Kaltim bukan hanya tempat di mana kami, orang Banjar, tumbuh dan berkembang. Kaltim kini menjadi provinsi yang sedang mempersiapkan diri menjadi rumah bagi ibukota negara baru. Dengan pembangunan IKN di Penajam Paser Utara dan Kutai Kartanegara, wajah Kaltim akan berubah secara signifikan, bukan hanya secara fisik, tetapi juga dari segi sosial dan budaya. Saya rasa, dalam menghadapi perubahan sebesar ini, kita tidak bisa lagi berpikir sempit bahwa pemimpin Kaltim harus berasal dari suku Banjar atau Kutai saja.

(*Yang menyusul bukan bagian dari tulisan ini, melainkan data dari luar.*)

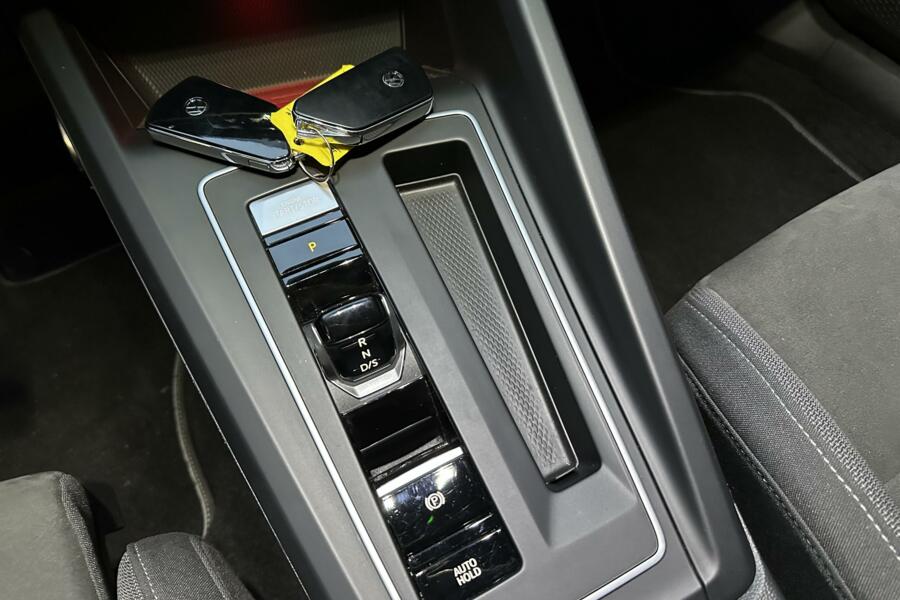 Volkswagen Golf 1.5 eTSI Style | DSG | Camera | Navi |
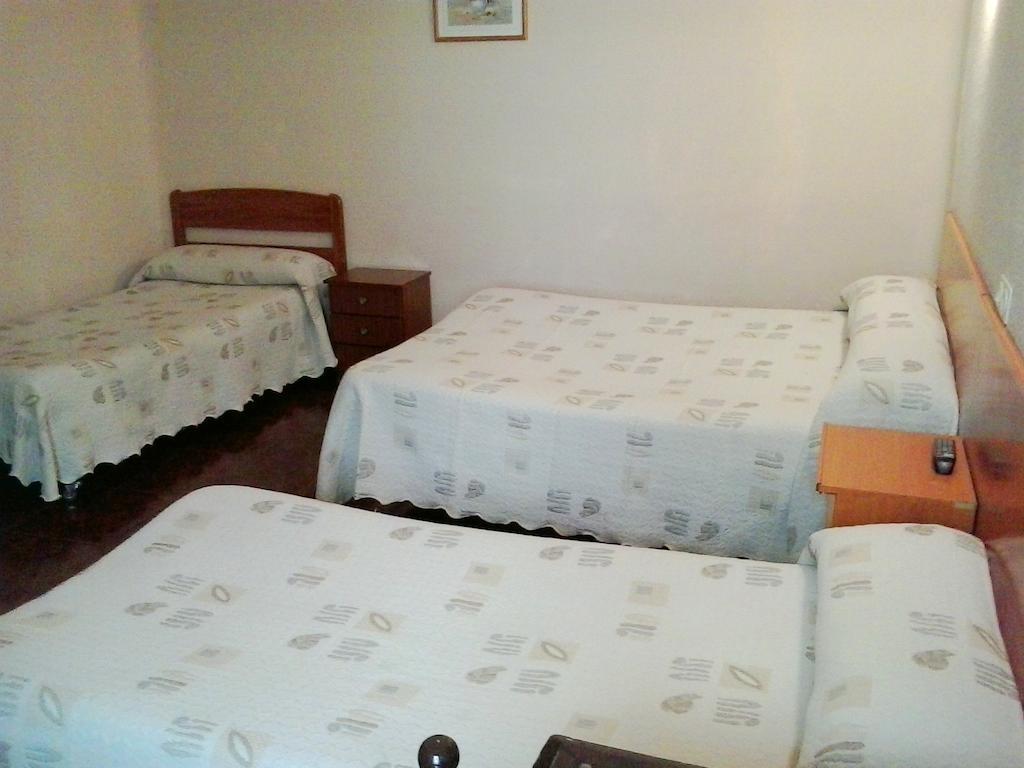 Hostal Alonso Madrid Ruang foto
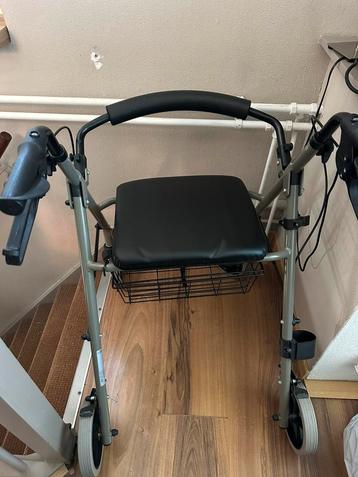 Rollator lichtgewicht bijna nieuw met mand inklapbaar  beschikbaar voor biedingen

Sebagai provinsi yang akan segera menjadi pusat pemerintahan baru Indonesia, Kaltim adalah rumah bagi berbagai macam suku dan etnis. Menurut data, lebih dari 50% penduduk Kaltim berasal dari suku Jawa dan Bugis. Itu artinya, Kaltim sudah lama menjadi provinsi yang multi-etnis, di mana berbagai budaya hidup berdampingan dengan damai dan saling menghormati.
Saya paham, ada kekhawatiran dari sebagian orang Banjar dan Kutai bahwa posisi pemimpin harus tetap berada di tangan orang asli daerah. Namun, kita juga harus jujur bahwa saat ini, Kaltim adalah rumah bagi semua orang yang tinggal di sini, baik orang Banjar, Kutai, Jawa, Bugis, maupun suku-suku lainnya. Apalagi dengan kehadiran IKN, penduduk Kaltim akan semakin beragam, dengan datangnya para pendatang dari berbagai penjuru Indonesia yang akan ikut membangun dan menetap di sini, bahkan akan datang orang dari berbagai negara di dunia.

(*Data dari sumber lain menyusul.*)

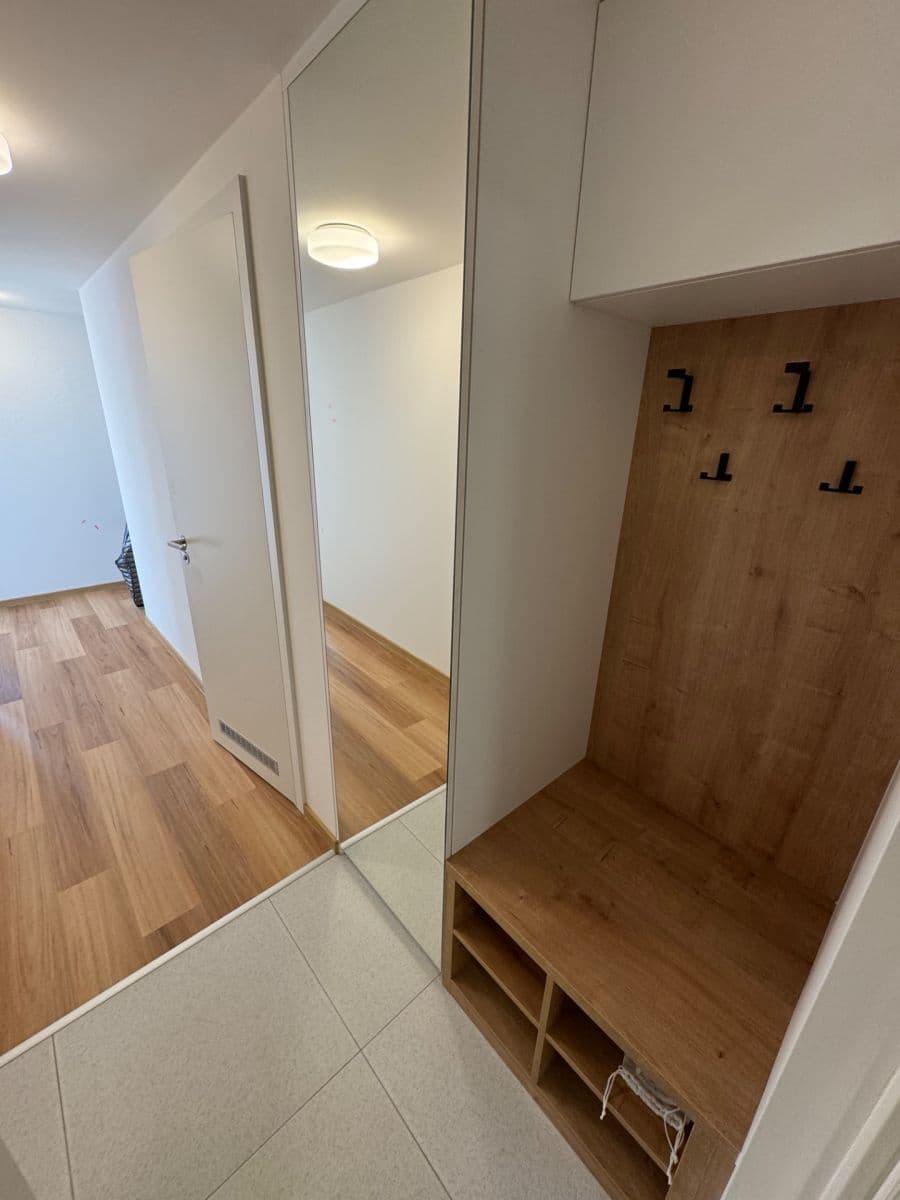 Prenájom bytu 3-izbový 86 m², Kolmanova, Praha, Praha Prenájom bytu 3-izbový 86 m², Kolmanova, Praha, Praha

Dalam konteks ini, sangat penting bagi kita warga Kaltim untuk mulai memikirkan kepemimpinan di Kaltim dari perspektif yang lebih luas. Memilih pemimpin hanya berdasarkan suku atau etnis bukan lagi cara yang relevan di era modern ini. Yang kita butuhkan sekarang adalah pemimpin yang mampu menghadapi tantangan global, dan mampu membawa Kaltim ke level yang lebih tinggi, dan merangkul seluruh masyarakat, tanpa memandang latar belakang suku, etnis, agama dan golongan.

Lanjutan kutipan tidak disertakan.